I decided to test this idea against actual compression algorithms. I generated a 1 MB file of cryptographically random bytes (essentially maximum entropy) and ran a few common compressors: gzip, xz, zstd, and brotli.
Here are the results:
Generating high-entropy file...
Size: 1.00 MB (1,048,576 bytes)
Output: output.bin
Successfully generated 1,048,576 bytes of high-entropy data
Output file: output.bin
Compression comparison (entropy vs lossless at max level):
Original size: 1,048,576 bytes (1.00 MB)
gzip 1,048,925 bytes ratio 1.0003 -> output.bin.gz
xz 1,048,688 bytes ratio 1.0001 -> output.bin.xz
zstd 1,048,613 bytes ratio 1.0000 -> output.bin.zst
brotli 1,048,584 bytes ratio 1.0000 -> output.bin.br
Entropy wins: best compressed size >= original (compression useless)
Exactly as expected! The file didn’t shrink at all. In fact, some compressors added a tiny bit of overhead metadata.

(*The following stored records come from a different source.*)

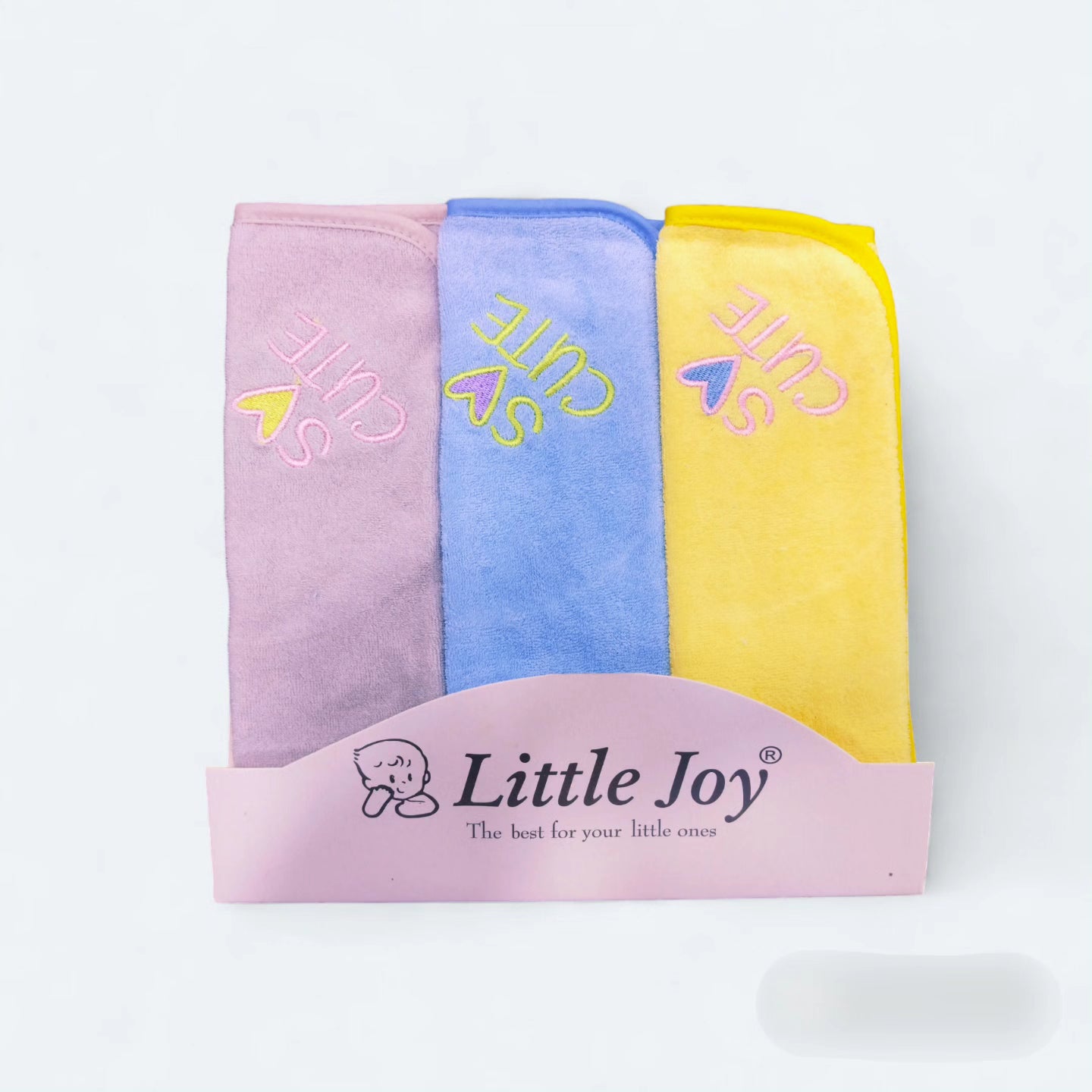 Facetowels/washcloths 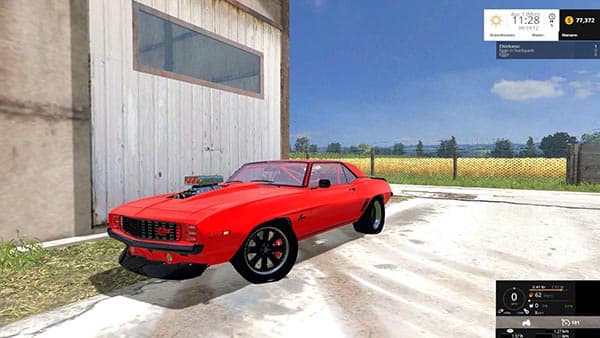 TA77 and Z28 combo 3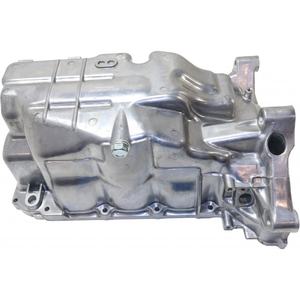 อ่างน้ำมันเครื่องใหม่ 11200RB0900 สำหรับรถยนต์ฮอนด้า ฟิต/ซิตี้/ฟรีด ปี 2009-2013 เครื่องยนต์ 1.5 ลิตร เกียร์อัตโนมัติ - Product Image 3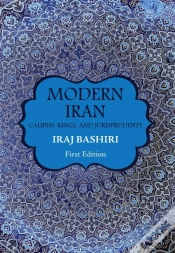 Capa do artigo Modern Iran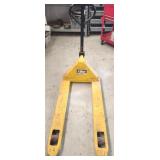 Pramac Lifter Plus Pallet Jack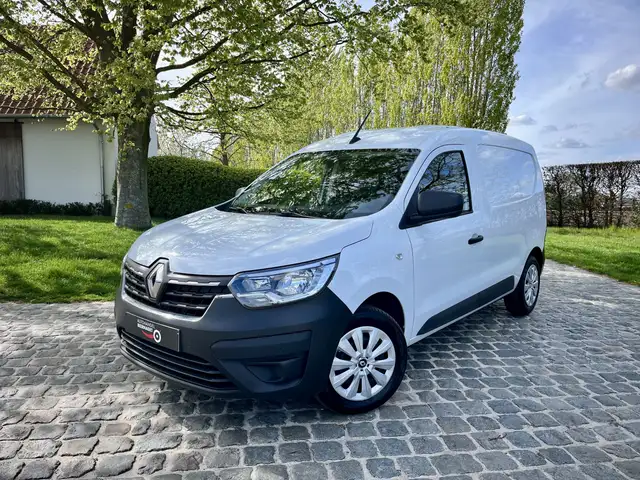 Renault Express 1.5 Blue dCi Confort S/S (EU6d)/Carplay/Camera/Cruise...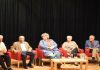 Ana Paula Goulart apresenta “Cordas de Areia” TI/JPP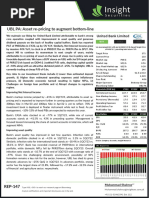 Pakistan Insight - 20230519 - UBL PA - Asset Re-Pricing To Augment Bottom-Line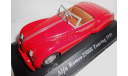 ALFA-ROMEO 2500SW Cabriolet  Touring 1939, масштабная модель, 1:43, 1/43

This is a simple but powerful demonstration of why compression depends on patterns. If your data is fully random (maximum entropy), there’s literally nothing to exploit. Lossless compression can only reorganize repeated structures.
It’s also a neat mental model:
- Repetitive, predictable data = compressible.
- Truly random data = incompressible.
It might seem obvious in hindsight, but actually generating a fully random file and watching compressors fail in real-time drives the point home.